練習途中では大声を張り上げ事細かに動きを指示。休憩時間にも選手たちと積極的にコミュニケーションを取るなどチーム再建に積極性を見せた。戦術面の引き出しを多く持つ指揮官はピッチ中央で約20分間、ホワイトボードにみっちりと書かれた作戦を説明。その後にフルコートの紅白戦を10分×4本行い、個々の能力や特長を見極めた。「しっかりと伝えたことをイメージしながらやってくれた。まずはやってみようという姿勢も見えましたし、いいプレーをしてくれ、いい一日だった」と好感触だ。

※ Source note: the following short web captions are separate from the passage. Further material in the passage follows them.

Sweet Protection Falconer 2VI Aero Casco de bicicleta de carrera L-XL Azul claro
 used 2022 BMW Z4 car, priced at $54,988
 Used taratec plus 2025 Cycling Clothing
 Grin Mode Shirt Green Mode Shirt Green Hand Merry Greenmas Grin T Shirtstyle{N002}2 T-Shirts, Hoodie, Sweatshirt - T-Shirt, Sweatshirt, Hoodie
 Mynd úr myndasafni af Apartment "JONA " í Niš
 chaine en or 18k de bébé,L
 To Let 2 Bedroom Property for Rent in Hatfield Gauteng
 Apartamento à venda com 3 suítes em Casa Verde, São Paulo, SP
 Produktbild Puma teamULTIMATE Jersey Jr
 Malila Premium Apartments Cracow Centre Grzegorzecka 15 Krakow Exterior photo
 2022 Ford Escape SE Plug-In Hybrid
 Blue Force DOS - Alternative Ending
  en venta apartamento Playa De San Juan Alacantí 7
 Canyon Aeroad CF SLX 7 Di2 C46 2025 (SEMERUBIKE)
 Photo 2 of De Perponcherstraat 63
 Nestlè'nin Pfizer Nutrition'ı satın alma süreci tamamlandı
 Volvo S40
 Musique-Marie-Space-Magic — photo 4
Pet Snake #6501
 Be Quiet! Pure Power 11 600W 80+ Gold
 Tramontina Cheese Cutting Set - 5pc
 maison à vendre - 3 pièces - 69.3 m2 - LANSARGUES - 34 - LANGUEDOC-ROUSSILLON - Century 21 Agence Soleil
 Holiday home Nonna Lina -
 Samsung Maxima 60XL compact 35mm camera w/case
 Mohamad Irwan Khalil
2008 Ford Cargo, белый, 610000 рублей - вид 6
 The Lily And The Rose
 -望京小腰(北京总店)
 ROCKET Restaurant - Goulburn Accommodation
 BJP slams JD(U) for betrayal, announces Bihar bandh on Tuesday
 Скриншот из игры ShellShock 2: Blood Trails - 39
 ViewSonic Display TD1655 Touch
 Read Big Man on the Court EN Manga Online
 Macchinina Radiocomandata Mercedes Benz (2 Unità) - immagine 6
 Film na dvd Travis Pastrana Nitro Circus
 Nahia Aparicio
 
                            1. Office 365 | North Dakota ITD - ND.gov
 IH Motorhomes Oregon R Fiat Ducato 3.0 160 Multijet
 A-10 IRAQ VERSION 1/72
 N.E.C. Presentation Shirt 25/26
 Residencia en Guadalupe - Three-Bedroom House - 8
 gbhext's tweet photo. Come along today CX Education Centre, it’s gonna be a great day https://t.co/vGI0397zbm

オンライン会見で改めて就任の経緯を話した監督。J1磐田を解任されたのが、8月14日。仙台からは5日に打診があったことを口にし、「昇格に向けてどう戦っていくか、その先にあるクラブがどういう風にチームを大きく構築していくという未来のところの熱い気持ちに共感できたことがいっぱいありました」と明かし就任を即決した。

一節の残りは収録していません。